Kisah Kelahiran Nabi Muhammad SAW: Cahaya Rahmat bagi Semesta Alam
Nabi Muhammad SAW lahir di Makkah dari pasangan Abdullah bin Abdul Muthalib dan Aminah binti Wahab. Beliau lahir pada tahun yang dikenal sebagai Tahun Gajah, yaitu tahun ketika pasukan bergajah yang dipimpin Abrahah berusaha menyerang Ka'bah. Allah SWT menggagalkan mereka sebagaimana disebutkan dalam QS. Al-Fil ayat 1–5.
Al-Qur'an tidak menjelaskan secara rinci tanggal kelahiran Nabi Muhammad SAW. Namun, Al-Qur'an menegaskan bahwa beliau adalah rahmat bagi seluruh alam:
«“Dan Kami tidak mengutus engkau (Muhammad), melainkan untuk menjadi rahmat bagi seluruh alam.”
(QS. Al-Anbiya: 107)»
Kelahiran Rasulullah SAW merupakan awal dari hadirnya seorang utusan Allah yang membawa manusia dari kegelapan menuju cahaya iman.

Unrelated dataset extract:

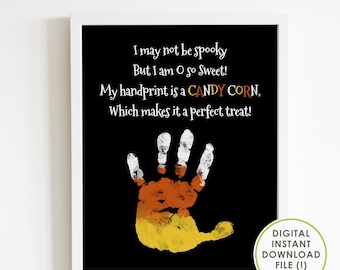 halloween handprint art, halloween poem, DIY crafts for baby | for kids, halloween keepsake craft, candy corn, printable, instant download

Beliau mengajarkan tauhid, akhlak mulia, kasih sayang, keadilan, dan ketaatan kepada Allah SWT.
Dalam hadis sahih, Rasulullah SAW menjelaskan keutamaan hari kelahirannya dengan bersabda bahwa hari Senin adalah hari beliau dilahirkan dan hari beliau menerima wahyu (HR. Muslim).
Karena itu, mengenang kelahiran Nabi Muhammad SAW hendaknya tidak hanya menjadi sebuah perayaan, tetapi menjadi momentum untuk meneladani akhlak, perjuangan, kesabaran, dan sunnah beliau.
“Mencintai Rasulullah SAW bukan sekadar mengingat kelahirannya, tetapi membuktikan cinta dengan mengikuti ajaran dan akhlaknya.”